The XML looks like this:

<ROOT>
 <ROWSET_DUASDIA>
  <ROW_DUASDIA NUM="1">
   <variable1>value</variable1>
   ...
   <variable191>value</variable191>
  </ROW_DUASDIA>
  ...
  <ROW_DUASDIA NUM="150236">
   <variable1>value</variable1>
   ...
   <variable191>value</variable191>
  </ROW_DUASDIA>
 </ROWSET_DUASDIA>
</ROOT>

I hope that's clear enough. This is my first time working with an XML.

I've looked at many answers here and in fact managed to get the data into a dataframe using a smaller sample (using a daily XML instead of the monthly ones) and xml2. Here's what I did

library(xml2) 

raw <- read_xml(filename)

# Find all records
dua <- xml_find_all(raw,"//ROW_DUASDIA")

# Create empty dataframe
dualen <- length(dua)
varlen <- length(xml_children(dua[[1]]))
df <- data.frame(matrix(NA,nrow=dualen,ncol=varlen))

# For loop to enter the data for each record in each row
for (j in 1:dualen) {
  df[j, ] <- xml_text(xml_children(dua[[j]]),trim=TRUE)
}

# Name columns
colnames(df) <- c(names(as_list(dua[[1]])))

I imagine that's fairly rudimentary but I'm also pretty new to R.

Anyway, this works fine with daily data (4-5k records), but it's probably too inefficient for 150k records, and in fact I waited a couple hours and it hadn't finished. Granted, I would only need to run this code once a month but I would like to improve it nonetheless.

I tried to turn the elements for all records into a list using the as_list function within xml2 so I could continue with plyr, but this also took too long.

Thanks in advance.

回答1:

While there is no guarantee of better performance on larger XML files, the ("old school") XML package maintains a compact data frame handler, xmlToDataFrame, for flat XML files like yours.
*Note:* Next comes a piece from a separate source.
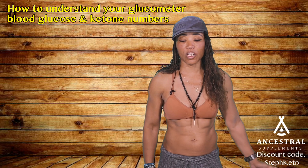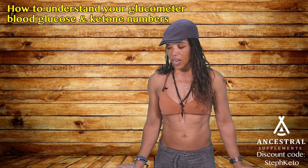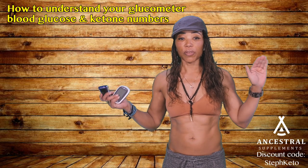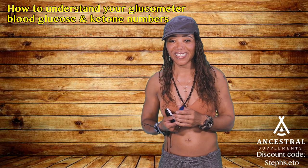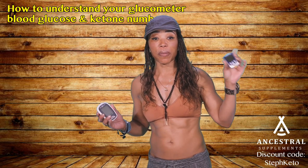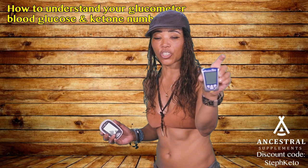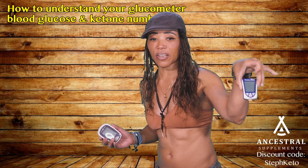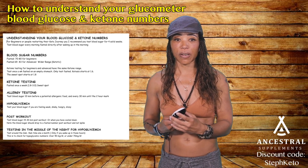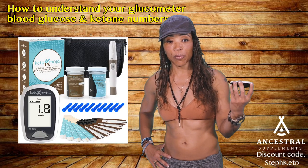Let's talk about the glucometer. There are different kinds. I have two different kinds here. One is called Precision Extra — it's made by Abbott, the parent company that also makes Freestyle. It's a dual glucometer that measures both ketones and glucose. This one is smaller.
Any missing nodes available in other siblings result in NA for corresponding fields.

library(XML)

doc <- xmlParse("/path/to/file.xml")
df <- xmlToDataFrame(doc, nodes=getNodeSet(doc, "//ROW_DUASDIA"))

---

You can even conceivably download the daily zips, unzip need XML, and parse it into data frame should the large monthly XMLs pose memory challenges. As example, below extracts December 2018 daily data into a list of data frames to be row binded at end. Process even adds a DDate field. Method is wrapped in a tryCatch due to missing days in sequence or other URL or zip issues.

dec_urls <- paste0(1201:1231)
temp_zip <- "/path/to/temp.zip"
xml_folder <- "/path/to/xml/folder"

xml_process <- function(dt) {      
  tryCatch({
    # DOWNLOAD ZIP TO URL
    url <- paste0("ftp://ftp.aduanas.gub.uy/DUA%20Diarios%20XML/2018/dd2018", dt,".zip")
    file <- paste0(xml_folder, "/dding2018", dt, ".xml")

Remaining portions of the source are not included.